Durante quel periodo, ho spesso riflettuto su un passo delle parole di Dio: “L’intera vita delle persone è nelle mani di Dio e, se non fosse per la risoluzione presa davanti a Lui, chi sarebbe disposto a vivere invano in questo vacuo mondo dell’uomo? Perché prendersene la briga? Entrando e uscendo di corsa dal mondo, se non fanno nulla per Dio, non sarà forse sprecata l’intera loro vita? Anche se Dio non considera degne di menzione le tue azioni, non farai forse un sorriso soddisfatto nel momento della tua morte? Devi perseguire un progresso positivo, non un regresso negativo: non è questa una pratica migliore?(La Parola, Vol. 1: L’apparizione e l’opera di Dio, “Rivelazioni dei misteri delle ‘Parole di Dio all’intero universo’, Cap. 39”). Mentre riflettevo sulle parole di Dio, mi sono sentita molto incoraggiata. Il fatto di poter fare il mio dovere nel periodo in cui Dio Si è fatto carne per operare negli ultimi giorni è la cosa più significativa di tutte. Indipendentemente dal dovere che faccio, la chiave è avere le giuste intenzioni, stare al mio posto davanti a Dio, non scegliere i doveri in base alle mie preferenze ed essere in grado di sottomettermi a Dio e soddisfarLo: questo è ciò che conta di più. Più riflettevo sulle parole di Dio, più mi sentivo commossa, più mi sentivo in debito con Lui e più aborrivo la mia stessa ribellione. Ho iniziato a fare volentieri il dovere di ospitare. In seguito, ogni giorno preparavo i pasti in orario, mi prendevo cura dell’ambiente e facevo anche le pulizie, facendo sì che le sorelle si sentissero a casa. Praticando in questo modo, ho sentito che il mio rapporto con Dio diventava più stretto. Tuttavia, poiché non avevo una vera conoscenza della mia natura essenza, dopo un certo periodo, mi sono ritrovata di nuovo a vivere in uno stato sbagliato.
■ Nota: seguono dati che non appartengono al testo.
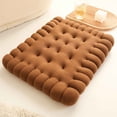 thumbnail image 1 of TopLLC Rectangle Thickened Cushion Balcony Bedroom Chair Cushion, 1 of 3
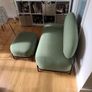 Green Sofa Image 2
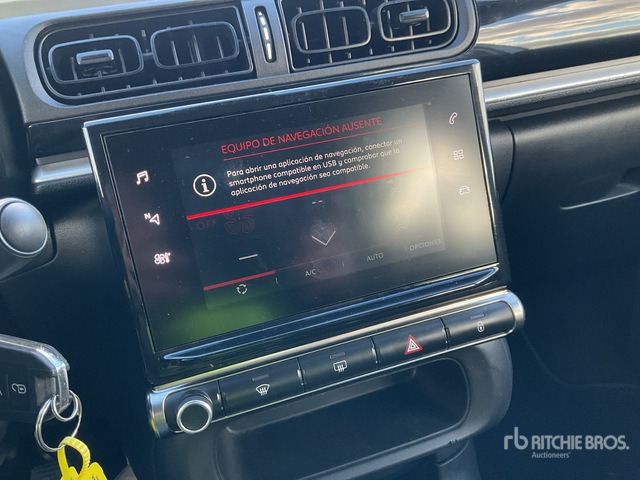 2020 Citroen C3 Automobile - Coche: foto 5 2020 Citroen C3 Automobile - Coche: foto 5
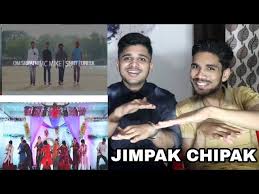 Jimpak Chipak Telugu Rap Song 2016 M Bros Reaction New 2018 Youtube The video 'jimpak chipak' shot in various places in hyderabad and therefore carries a very. jimpak chipak telugu rap song 2016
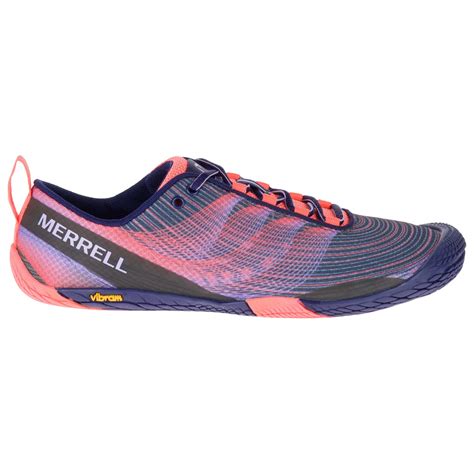 Merrell Vapor Glove 2 - Trail Running Shoes Women's | Buy online | Alpinetrek.co.uk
Un giorno, ho saputo per caso che una sorella a cui, come a me, era stato riassegnato il dovere di ospitare, era andata a fare un dovere legato alla tecnologia informatica. In quel momento, il mio cuore era in subbuglio. “Le altre fanno il dovere di ospitare per un po’ e poi i loro doveri vengono riassegnati, quindi perché la supervisore non cambia il mio? Andrebbe bene anche lasciarmi tornare alla mia chiesa locale per fare un dovere basato sui testi; almeno sembrerebbe più rispettabile che fare l’ospitante. Ora sono impegnata qui tutto il giorno, a fare lavori fisici e umili, e non importa quanto impegno ci metta, nessuno mi ammira. Non c’è futuro in questo. Dovrei parlare con la supervisore e chiederle di riassegnarmi il dovere?” Ma poi ho sentito che farlo sarebbe stato irragionevole. Ci ho pensato e ripensato, ed ero inquieta anche mentre cucinavo. Una volta, ero soprappensiero e ho cotto troppi spaghetti; le mie sorelle ci hanno messo tre pasti per finirli. Questo mi ha fatto sentire completamente umiliata. Non riuscivo nemmeno a cucinare decentemente: che altro potevo fare? Il mio cuore è diventato ancora più addolorato e negativo. Un giorno, sono andata al mercato a fare la spesa e ho incontrato sorella Xiao, che faceva un dovere di affari generali. Vederla andare in bicicletta sotto il sole cocente, zigzagando tra la folla con un’espressione gioiosa sul viso, mi ha suscitato molta invidia. Poi ho guardato me stessa, con il muso lungo tutto il giorno, incapace di essere felice. Non ho potuto fare a meno di riflettere: “Stiamo entrambe facendo doveri di affari generali nella chiesa, quindi come fa lei a sottomettersi? Come può essere così gioiosa? Perché io non riesco mai a sottomettermi veramente?” Durante quel periodo, ho riflettuto ripetutamente su queste domande e ho anche pregato Dio, chiedendoGli di guidarmi a comprendere la verità a questo riguardo.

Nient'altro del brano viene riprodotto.